←back to thread

344 points LorenDB | 7 comments | | HN request time: 0.885s | source | bottom
1. oezi ◴[] No.44003925[source]
I wish multimodal would imply text, image and audio (+potentially video). If a model supports only image generation or image analysis, vision model seems the more appropriate term.

We should aim to distinguish multimodal modals such as Qwen2.5-Omni from Qwen2.5-VL.

In this sense: Ollama's new engine adds vision support.

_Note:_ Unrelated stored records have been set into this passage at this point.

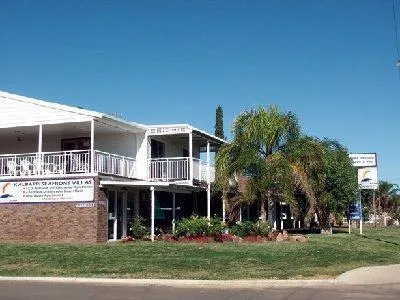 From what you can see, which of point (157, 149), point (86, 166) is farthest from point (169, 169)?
point (86, 166)

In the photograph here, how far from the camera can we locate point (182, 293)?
1126 centimetres

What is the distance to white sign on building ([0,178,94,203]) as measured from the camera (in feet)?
A: 74.1

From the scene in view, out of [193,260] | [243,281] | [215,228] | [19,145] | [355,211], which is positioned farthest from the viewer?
[355,211]

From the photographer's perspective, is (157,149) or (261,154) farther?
(157,149)

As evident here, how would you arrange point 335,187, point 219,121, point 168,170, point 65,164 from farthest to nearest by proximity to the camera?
point 219,121
point 335,187
point 168,170
point 65,164

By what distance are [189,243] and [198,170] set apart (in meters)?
6.95

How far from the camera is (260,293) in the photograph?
36.8 ft

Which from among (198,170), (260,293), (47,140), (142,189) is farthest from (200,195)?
(260,293)

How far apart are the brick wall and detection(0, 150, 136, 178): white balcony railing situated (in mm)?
1478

replies(2): >>44006219 #>>44007313 #
2. ◴[] No.44006219[source]
3. prettyblocks ◴[] No.44007313[source]
I'm very interested in working with video inputs, is it possible to do that with Qwen2.5-Omni and Ollama?
replies(3): >>44008675 #>>44009579 #>>44011015 #
4. oezi ◴[] No.44008675[source]
I have only tested Qwen2.5-Omni for audio and it was hit and miss for my use case of tagging audio.
5. machinelearning ◴[] No.44009579[source]
What's a use case are you interested in re: video?
replies(1): >>44011938 #
6. tough ◴[] No.44011015[source]
https://huggingface.co/blog/smolvlm
7. prettyblocks ◴[] No.44011938{3}[source]
I'm curious how effective these models would be at recognizing if the input video was ai generated or heavily manipulated. Also various things around face/object segmentation.